* **Instructions for the task**: Your copy should match the listing word for word, apart from the pictures, which are left out.

* **Exercise data**:
============
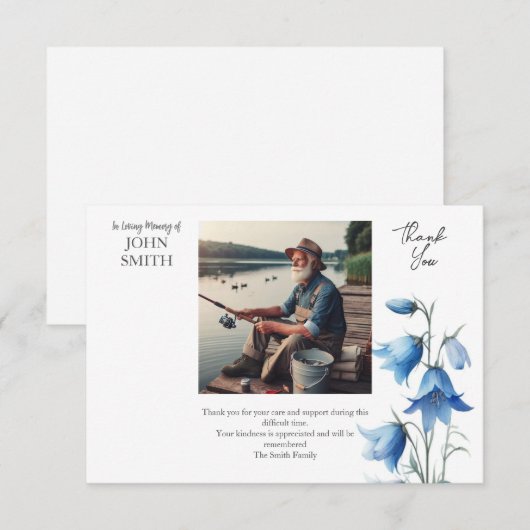 Moderne botanische Beerdigung Dankeskarte (Vorne/Hinten)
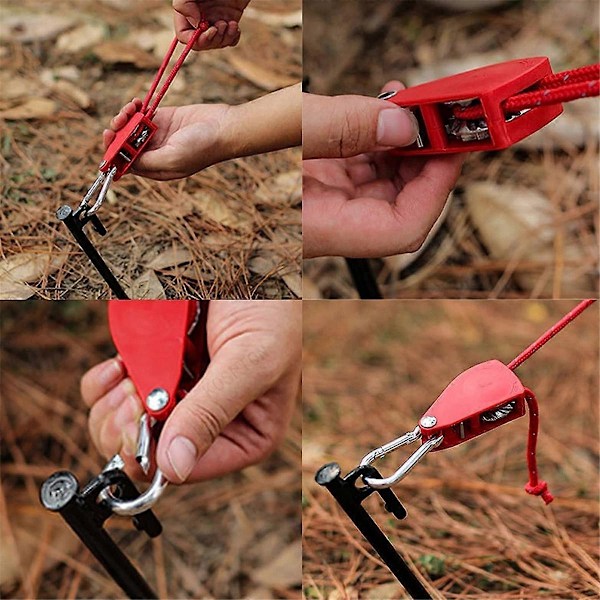 Grön 5-pack Bärbart Justerbart Fixerat Campingrep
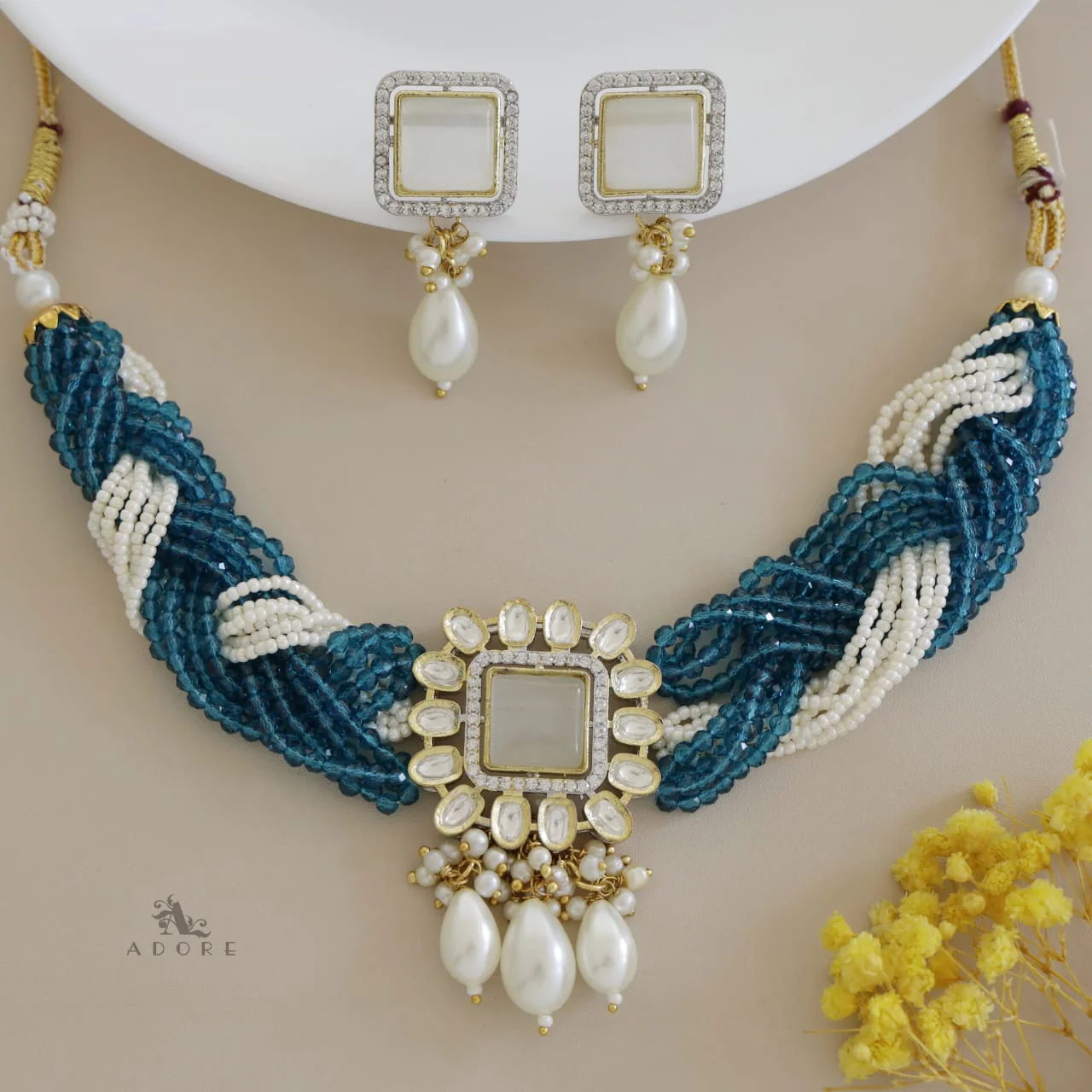 Samhita Braided Kundan Choker With Earring - Image 16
============
* **Solution to this problem**:
 Moderne botanische Beerdigung Dankeskarte (Vorne/Hinten)
 Grön 5-pack Bärbart Justerbart Fixerat Campingrep
 Samhita Braided Kundan Choker With Earring - Image 16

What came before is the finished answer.